No. 69.
Mr. Williamson to Mr. Fish.

No. 35.]

Sir: I have the honor to inclose herewith the correspondence between the secretary of foreign affairs and myself in regard to the report of the consul at Guatemala about the actions of the General Sherman, and the bombardment of Omoa by the British man-of-war Niobe. It is proper for me to mention that the report is but a written declaration of the verbal statement made to me by the said consul at the President’s house, at the invitation of the President and in the presence of the chief members of his cabinet. At my suggestion it was reduced to writing. The British minister, Mr. Edwin Corbett, also did me the honor to read to me the report made to him by a Mr. Bain, who was acting as vice-consul of Her Britannic Majesty at Omoa at the time of the occurrences referred to. The two statements correspond as to the conduct of the “Sherman,” and do not, in my judgment, vary materially as to the bombardment, except that in the British statement very great prominence is given to the sacking of Omoa, and insult to the British flag, and trespass upon the (so-called) British soil of the island of Zapodilla, when the authorities of Honduras (General Straeber commanding) captured the Spanish and Portuguese consuls there.

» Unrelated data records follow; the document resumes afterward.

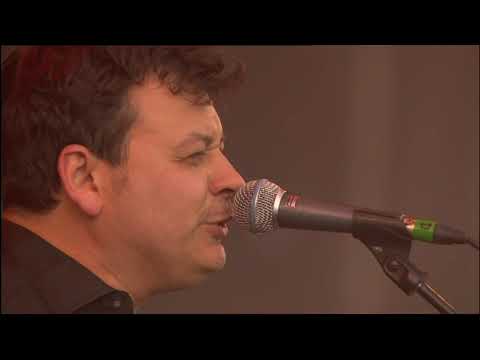 Manic Street Preachers Postcards From a Young Man (T in the Park 2011)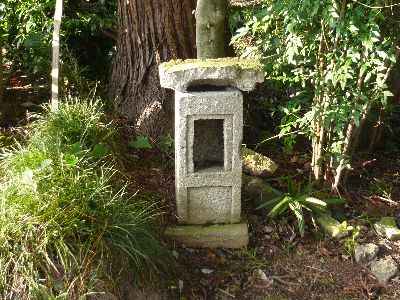石祠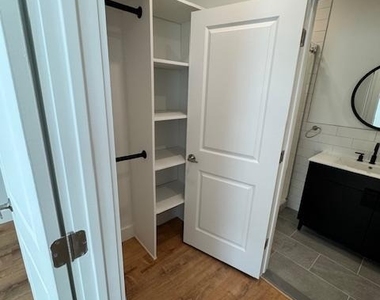 442 W Queen Lane - Photo Thumbnail 27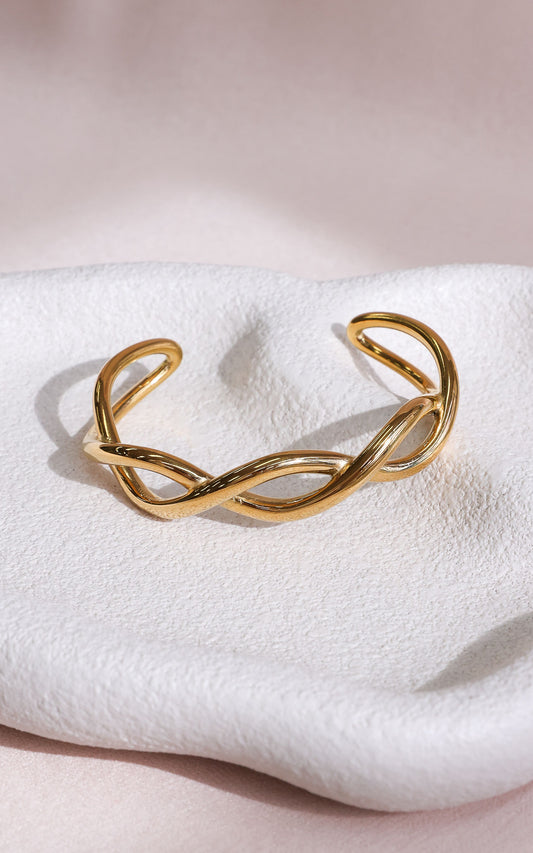 Ellerby Cuff Bangle - Gold Weave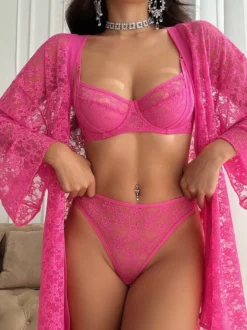 Ensemble de lingerie : soutien-gorge à armatures en dentelle florale et culotte taille haute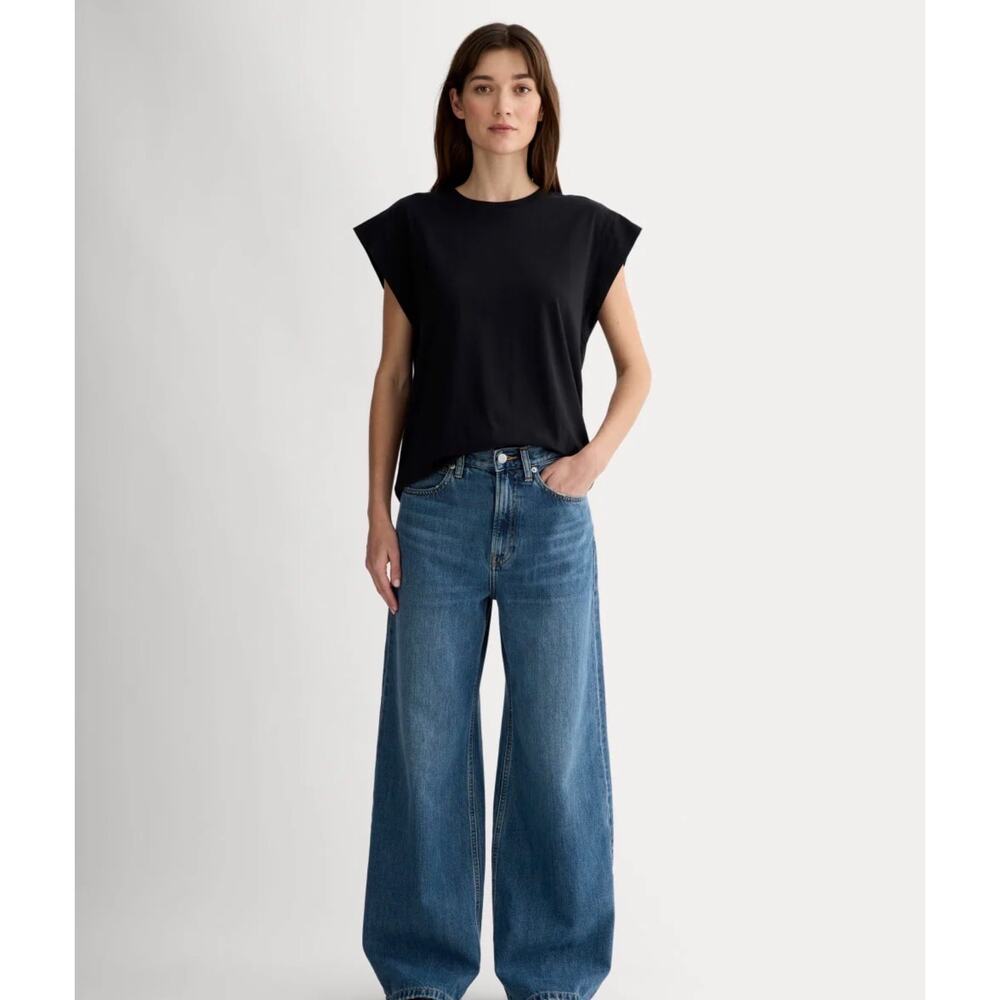 Everlane Muscle Tee in Organic Essential Cotton Black Size M
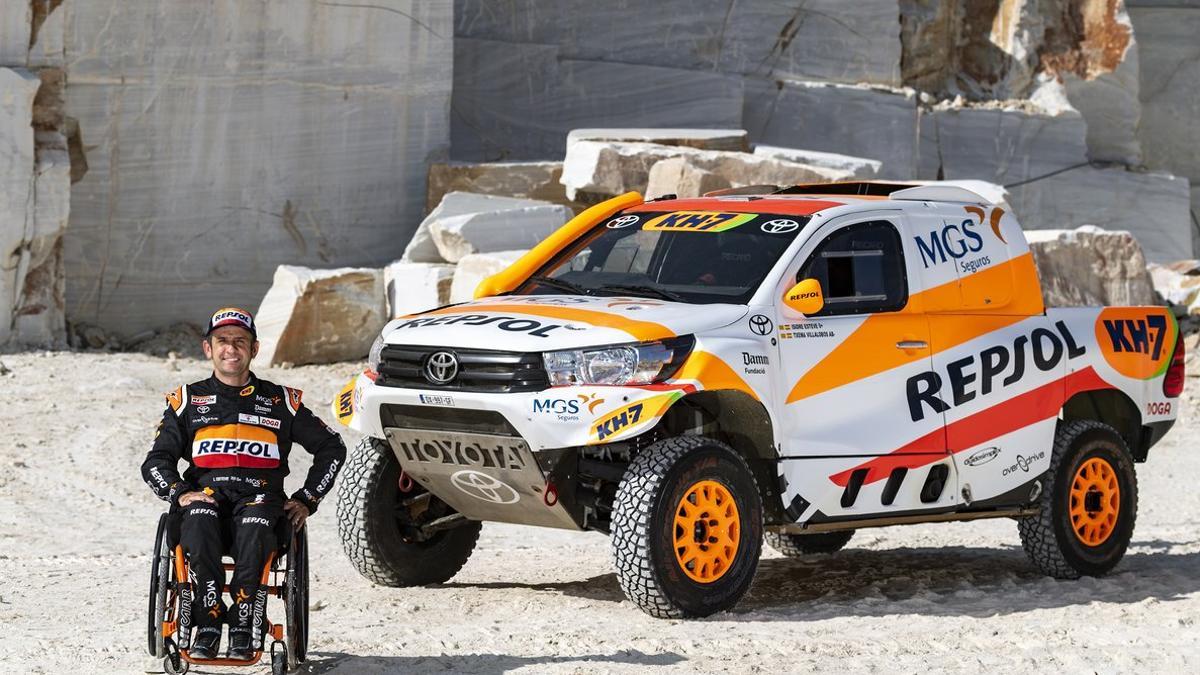 Isidre Esteve, junto al Toyota Hilux con el que participará en el Dakar 2021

In the absence of any report from our own consul at Omoa, Mr. Chas. R. Follin, I have had to rely upon their statements in order to make up an opinion on the subject. I wrote to Mr. Follin, but presuming he lived at one or the other of the ports to which he is nominated as consul, I addressed my letter wrong. It seems he does not reside at Omoa or Truxillo, but a little village opposite the village of Puerto Cadballo. Hoping that it may not be considered improper, but on the contrary perfectly proper, that I should give you my opinion, I beg leave to say that I am compelled to believe the captain of the Sherman has [Page 103] unjustifiably and outrageously abused the flag of our country, and also that General Straeber’s conduct in the sacking of Omoa and pillaging (or allowing to be pillaged) the British consulate was disgraceful, to say nothing of his barbarity in firing upon a party from the General Sherman, which, under a flag of truce, approached the fortress of Omoa to accept its delivery according to previous arrangement with the treacherous fellow who was in command. This fellow’s name I have been unable to learn. Whether the said party was composed of filibusters or not does not alter the barbarity of slaughtering in cold blood human beings who had a right to believe they were protected by a white flag, and who, relying upon the sanctity given by such protection among civilized nations, placed themselves at the mercy of their slayers. I also venture to recommend that the General Sherman be seized. Is she not a pirate? If the reports about her repeated changes of flag be true, and she is an armed vessel of a private person, General Palacios or any of his confederates, and is being used for hostile purposes against peaceful states, would she not be rightfully classed among those piratical vessels in the possession of a crew and acknowledging obedience to no flag whatever, but, in defiance of all law, levying war for purposes of private gain? It occurs to me she could not complain of such a classification, if the statements made in regard to her are true. I venture to throw out the suggestion.

I have, &c.,

[Inclosure 1 in No. 35.—Translation.]

Señor Soto to Mr. Williamson.

Señor: I have the honor to inclose to yon the certified report of Señor Don Delfino Sanchez, our consul at the establishment of Belize. From this document you will be able to inform yourself concerning the principal facts of Pallacio’s expedition, and especially the facts concerning the abuse of the American flag and of the strange behavior of the American vice-consul. I hope that you will transmit the report to your Government, and in the meanwhile, with your known disposition for justice, you will take whatever steps in your power to put a stop to the evils occasioned to the governments of Guatemala and Honduras by the expedition, which is assisted, directly Or indirectly, by agents and citizens of the nation which you so worthily represent.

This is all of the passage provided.